Nothing outside the range is wanted. Repeat exactly the lines below from the one with "bride's finger. A" through the one with "kitchen with light".

* _Excerpted records_:
========

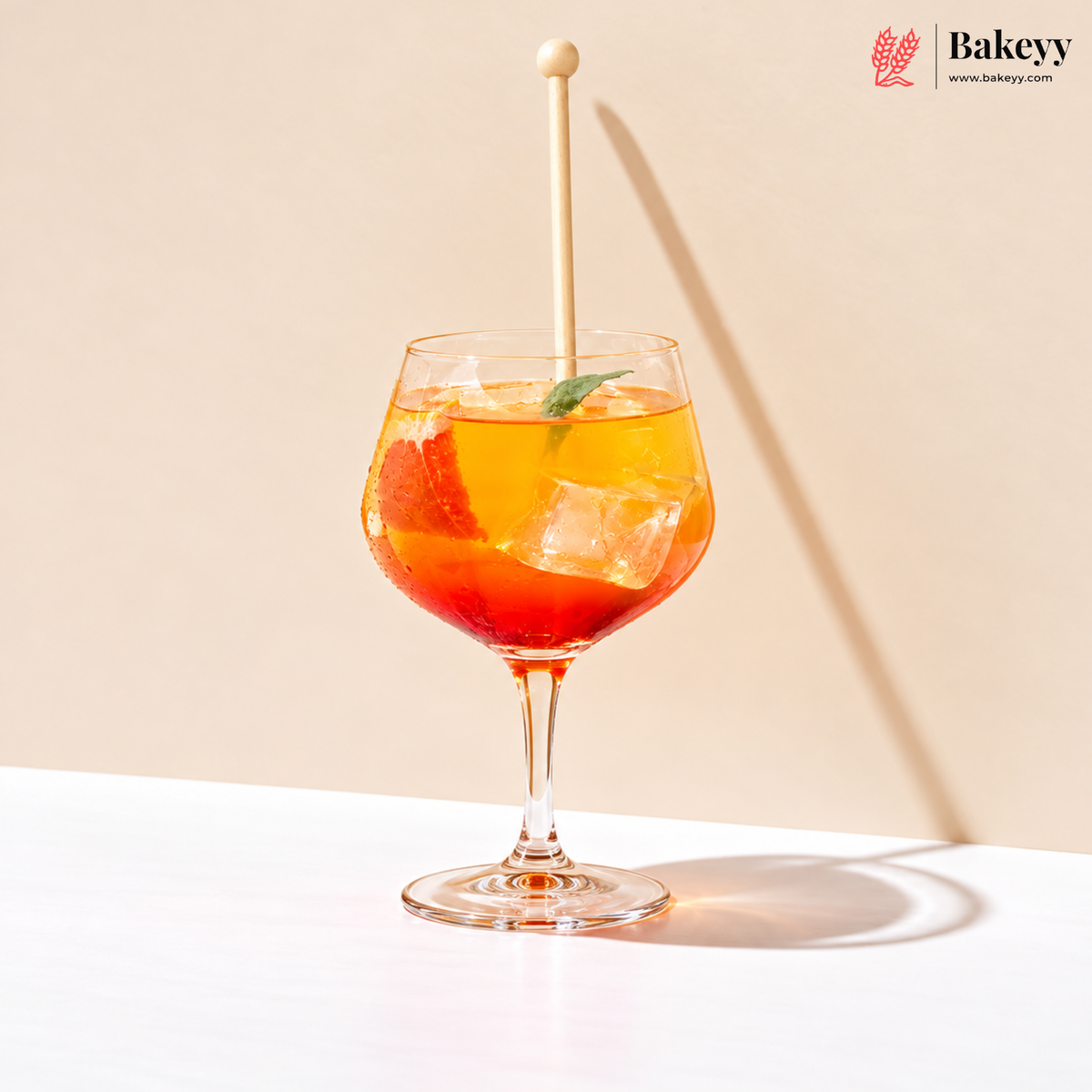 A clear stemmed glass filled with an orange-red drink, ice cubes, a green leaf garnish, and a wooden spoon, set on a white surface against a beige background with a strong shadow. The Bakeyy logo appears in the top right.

========

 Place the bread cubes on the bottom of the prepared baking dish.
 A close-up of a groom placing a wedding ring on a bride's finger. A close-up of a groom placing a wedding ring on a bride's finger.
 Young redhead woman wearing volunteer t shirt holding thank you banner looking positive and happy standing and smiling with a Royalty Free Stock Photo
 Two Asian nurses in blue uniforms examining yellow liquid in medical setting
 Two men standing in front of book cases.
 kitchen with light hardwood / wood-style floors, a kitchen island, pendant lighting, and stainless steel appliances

========

* _Task result_:
 A close-up of a groom placing a wedding ring on a bride's finger. A close-up of a groom placing a wedding ring on a bride's finger.
 Young redhead woman wearing volunteer t shirt holding thank you banner looking positive and happy standing and smiling with a Royalty Free Stock Photo
 Two Asian nurses in blue uniforms examining yellow liquid in medical setting
 Two men standing in front of book cases.
 kitchen with light hardwood / wood-style floors, a kitchen island, pendant lighting, and stainless steel appliances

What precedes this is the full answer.